O conservadorismo reinante na época de que estamos tratando apresenta resquícios fortes tanto de um legado colonialista (e coronelista, por assim dizer) quanto traços dominantes de perspectivas fascistas. Portanto, não é difícil perceber porque as mudanças provocadas por Getúlio, sobretudo, no campo social-trabalhista, mas também de modo claro na estrutura jurídico-política do Estado, incomodavam tanto a esses setores. A ideia de progresso social, sempre presente nos discursos de Vargas, remetia diretamente à noção funcionalista de paz ou harmonia social e que pressupõe, para sua realização, um pacto relativamente estável entre classes e frações de classes sociais. O modelo desenvolvimentista do segundo Getúlio, deste modo, aprofunda essa concertação da relação entre o Estado e as classes, promovendo uma relativa ascensão das classes populares no jogo político, tanto pela sua importância como base de sustentação da estrutura produtiva necessária ao desenvolvimento pelo trabalho, quanto pelo discurso e incorporação das suas necessidades de reprodução social no âmbito do Estado com inflexões no mundo do trabalho privado313.

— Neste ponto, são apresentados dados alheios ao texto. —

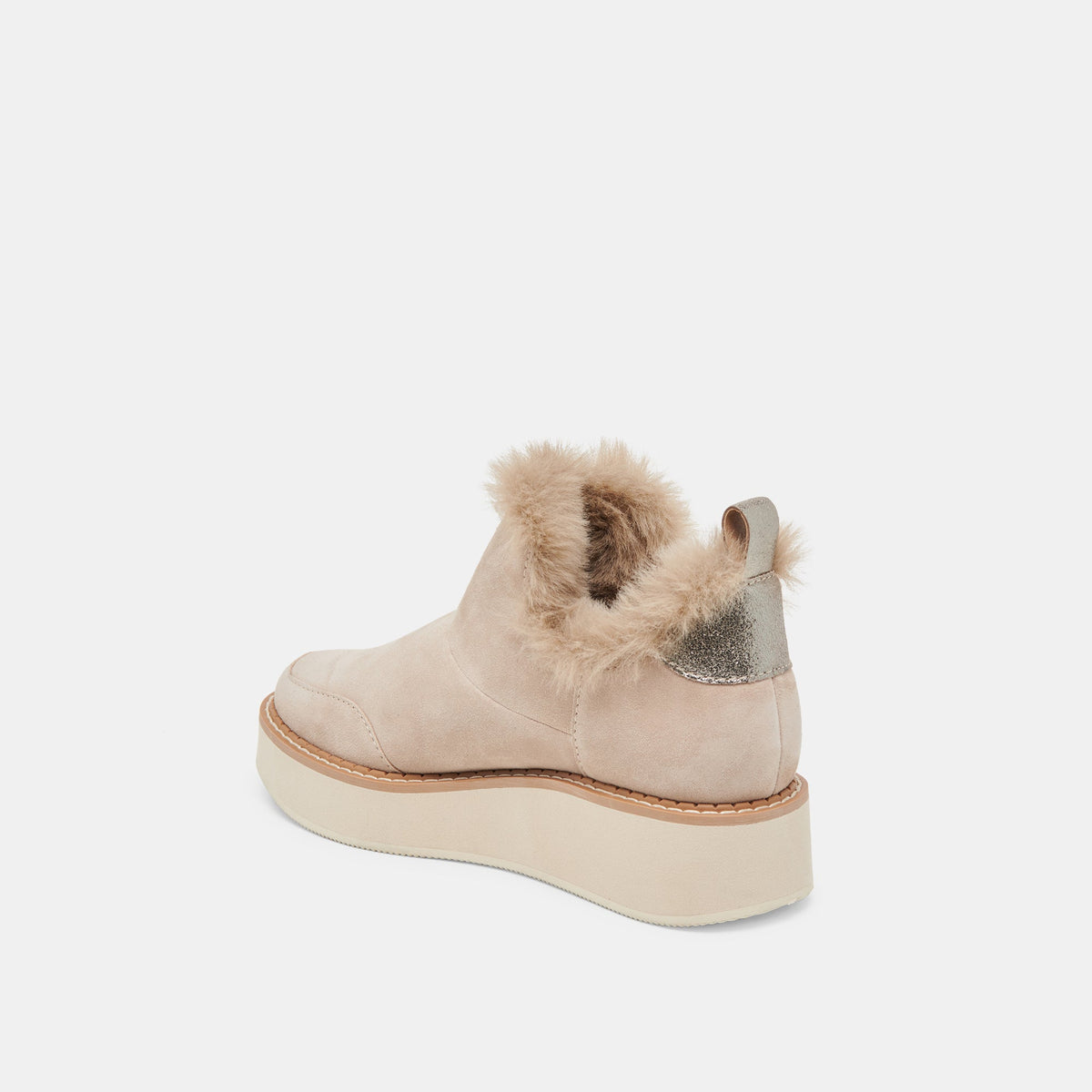 ARDY PLUSH H2O BOOTIES TAUPE SUEDE
 – Dolce Vita | Dolce Vita Customer Favorite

O suicídio de Vargas, em 1954, põe fim ao nacionalismo peculiar que inaugura314, mas não ao nacionalismo em geral, pois as bases de um desenvolvimentismo brasileiro já estão dadas e não serão desperdiçadas por Juscelino Kubistchek em seu Plano de Metas para o desenvolvimento e a tentativa de consolidação de um capitalismo brasileiro de tipo moderno.